Achados inesperados evidenciam estruturas arquitetônicas
Durante o trabalho de arqueologia histórica estão sendo revelados alguns achados de interesse. “Um deles é uma área de ligação muito interessante que ligava o Pátio do Chafariz ao Jardim das Princesas. Esse espaço apresenta um piso com blocos rochosos muito espessos, perfeitamente encaixados, e com desenhos simétricos muito elegantes. Não sabíamos da existência desse piso, que era certamente de uma área de trânsito ligada à Família Real. O fogão também foi um achado absolutamente inesperado. Até tínhamos a informação de historiadores e arquitetos que estudaram o Museu, que tinham cozinhas privativas dentro do palácio. Mas não sabíamos ainda que iríamos encontrar aquela cozinha e naquele lugar”, enumera Marcos André.
Ele explica que o fogão é uma estrutura de muito interesse arqueológico, porque ainda não temos conhecimento de outros exemplos no Brasil. “Esse modelo foi desenvolvido na França no século XVII. Principalmente no século XVIII e início do século XIX, ele começou a ser usado por pessoas que estavam no topo da pirâmide social em diversas áreas das Américas. Sabemos que há registros desse tipo de fogão nos EUA, na residência de campo de Thomas Jefferson e também em residências de governadores. Foi a primeira vez que ele apareceu no Brasil”, destaca o professor e arqueólogo Marcos André.
O modelo desse fogão é diferenciado dos demais porque tem várias bocas, assim como os que temos atualmente em casa. “Naquele momento, isso fez uma diferença muito grande por permitir o preparo dos alimentos em chamas individualizadas, favorecendo preparos específicos. Com isso favoreceu a emergência da alta cozinha francesa, quando se tornou possível servir diferentes pratos, incluindo entrada, prato principal e sobremesa. Antes, se usava um único fogo para todos os preparos “, contextualiza o professor, informando que estão ampliando essas escavações e percebendo que ele é maior do que os pesquisadores supunham inicialmente.

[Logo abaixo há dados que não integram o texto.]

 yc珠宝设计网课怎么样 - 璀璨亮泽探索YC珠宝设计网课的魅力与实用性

Esse fogão está no andar térreo do Torreão Sul do Paço de São Cristóvão, que é uma expansão do prédio construída a partir de 1820, na época de D. Pedro I. As evidências até o momento indicam que ele ficava localizado em uma área interna. No andar de cima, ficava uma sala privativa de refeições do Imperador. “Muito possivelmente esse fogão está associado a uma atividade privada da Família Imperial, por isso a descoberta da localização dele também é interessante para as nossas pesquisas arqueológicas, que ainda vão avançar mais para confirmar nossas hipóteses”. Até 2018, ele estava encoberto por um piso.

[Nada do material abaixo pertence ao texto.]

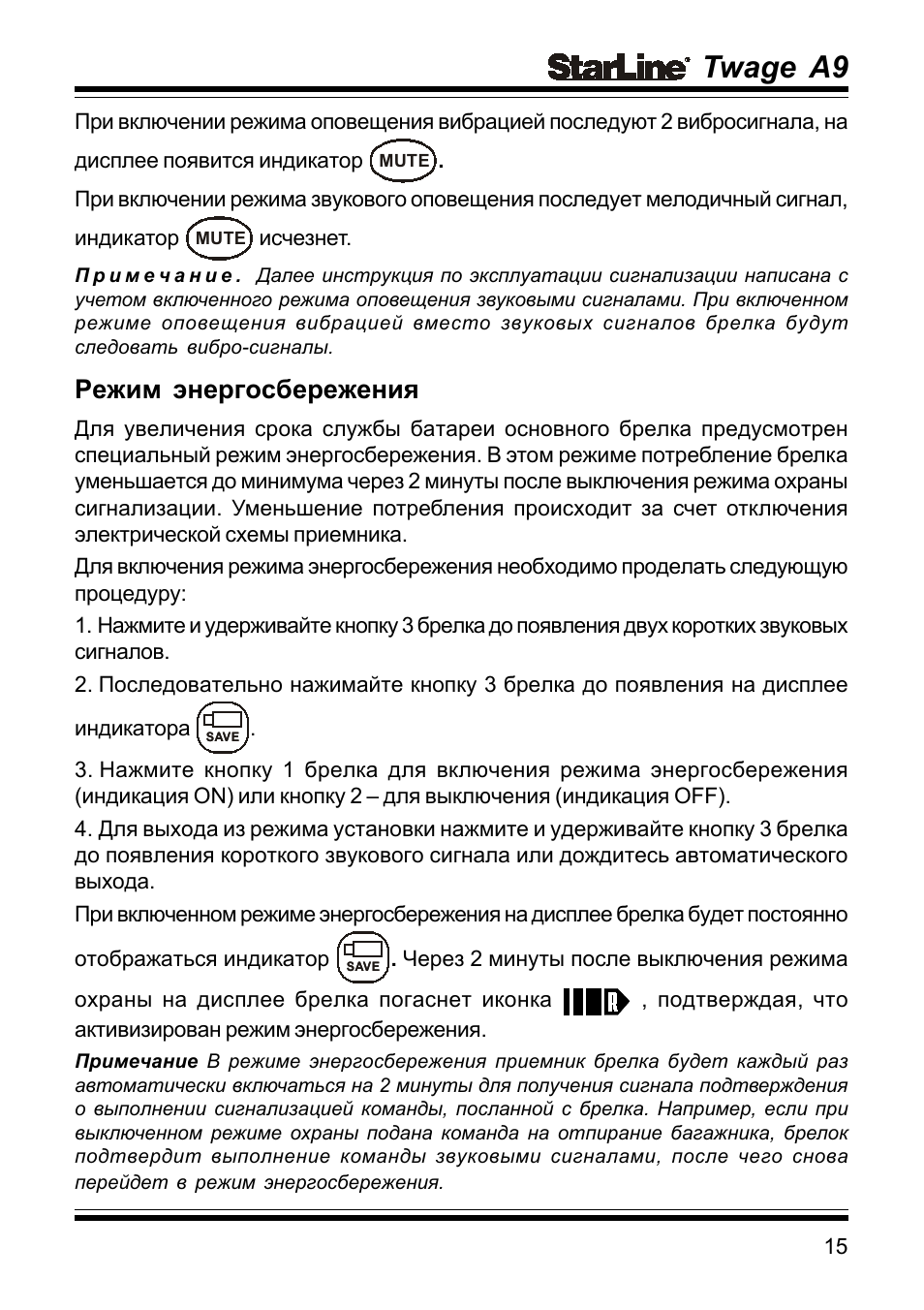 Starline twage a9 проблемы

“Por ter me dedicado, na minha trajetória acadêmica, a estudar segmentos menos privilegiados da sociedade brasileira no passado, essa experiência está sendo diferente”, destaca o professor, que chegou ao Museu Nacional/UFRJ em 2015, mas já visitava o Museu na infância. “Às vezes, estou acompanhando a escavação e me vem as lembranças de quando eu passeava ali quando eu era criança. É muito legal essa memória afetiva, que acabamos evocando neste momento de reconstrução, como uma experiência retrospectiva”, relata.

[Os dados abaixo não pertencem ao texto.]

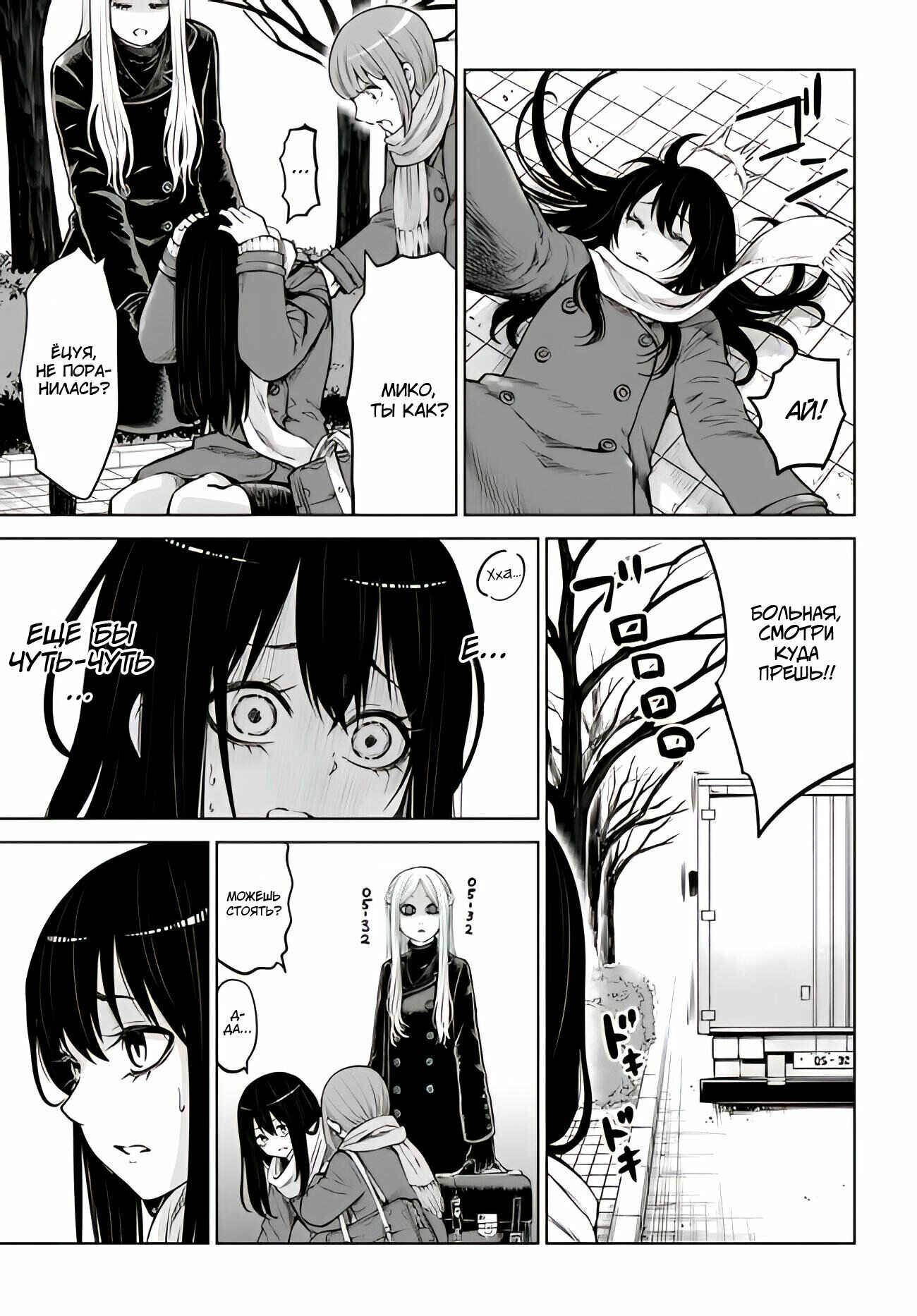 Chapter 43 - Page 3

Áreas especiais com artefatos de interesse
Até o momento foram encontradas áreas especiais para as pesquisas arqueológicas com a ocorrência de diferentes artefatos. Ao lado da estrutura onde ficava a Casa da Guarda, localizada na frente do palácio, foi descoberta uma área de deposição arqueológica. “Essa área está associada aos trabalhadores, tanto oficiais quanto escravizados. Encontramos, por exemplo, objetos de uso cotidiano descartados, incluindo vidros lascados, que eram usados como ferramentas das pessoas escravizadas. É uma evidência muito interessante, do ponto de vista arqueológico, sobre a presença delas ali“, informa o professor Marcos André.
Eles descobriram outra área com uma grande deposição arqueológica, na parte externa do Torreão Sul, onde devia existir um refugo do palácio. “Ainda iremos analisar esse material vasto, com itens interessantes, mas temos como hipótese que ele tenha relação com a primeira metade do século XIX e talvez com a própria atividade de cozinha onde descobrimos o fogão”, aponta. Estão sendo encontrados também os chamados restos faunísticos, que são ossos de animais usados nas refeições. Esses e outros achados, que incluem inúmeros itens ligados ao cotidiano do Paço, permitirão novos entendimentos sobre as práticas culturais e sociais dos que ali viviam e trabalhavam.
Pesquisas como ferramenta para a reflexão social
Essas atividades arqueológicas no Paço de São Cristóvão tem uma dimensão pública e também uma dimensão científica. Com elas serão abertas novas oportunidades para alunos de mestrado e doutorado do Programa de Pós-Graduação em Arqueologia (PPGArq) relacionadas a essas descobertas. “Nossa expectativa é usar essa coleção que está sendo gerada, nas pesquisas científicas dos nossos estudantes, além de oferecê-las para avaliação dos responsáveis pela parte expográfica do Museu”, ressalta o professor.
As pesquisas estão revelando a vida cotidiana da Família Real e também a vida dos que estiveram no lugar. “Assim, podemos mostrar não somente uma Família Real que vivia no seu próprio mundo, com suas práticas próprias, mas também a experiência das pessoas que trabalharam no palácio, tanto escravizados como trabalhadores livres. Nossa ideia é usar essas informações sobre o Paço de São Cristóvão como uma ferramenta de reflexão para a sociedade, pensando as distâncias sociais que separavam as práticas das elites daquelas ligadas ao povo brasileiro, das pessoas comuns”, explica Marcos André. Segundo ele, “a arqueologia permite esse tipo de reflexão porque estamos lidando com um tipo de fonte que é bastante democrática, já que virtualmente todas as pessoas deixam marcas da sua passagem. “Temos acesso a essa materialidade e acreditamos que ela pode ser uma ferramenta interessante de reflexão sobre a formação da sociedade brasileira, de forma mais abrangente, crítica e reflexiva, adianta o professor.
Ciência, educação e divulgação científica
Essas novidades foram apresentadas, no final de outubro, na Semana de Arqueologia Histórica do Museu Nacional/UFRJ – SAHIST. Em colaboração com o Laboratório de Processamento de Imagem Digital (LAPID) os participantes puderam conhecer, por meio de óculos de realidade aumentada, as atividades desenvolvidas no Paço de São Cristóvão pelo Laboratório de Arqueologia Histórica. Esse trabalho de pesquisa arqueológica prevê atividades com a comunidade de São Cristóvão e também, por meio de parceria com a Seção de Assistência ao Ensino (SAE), atividades junto a escolas.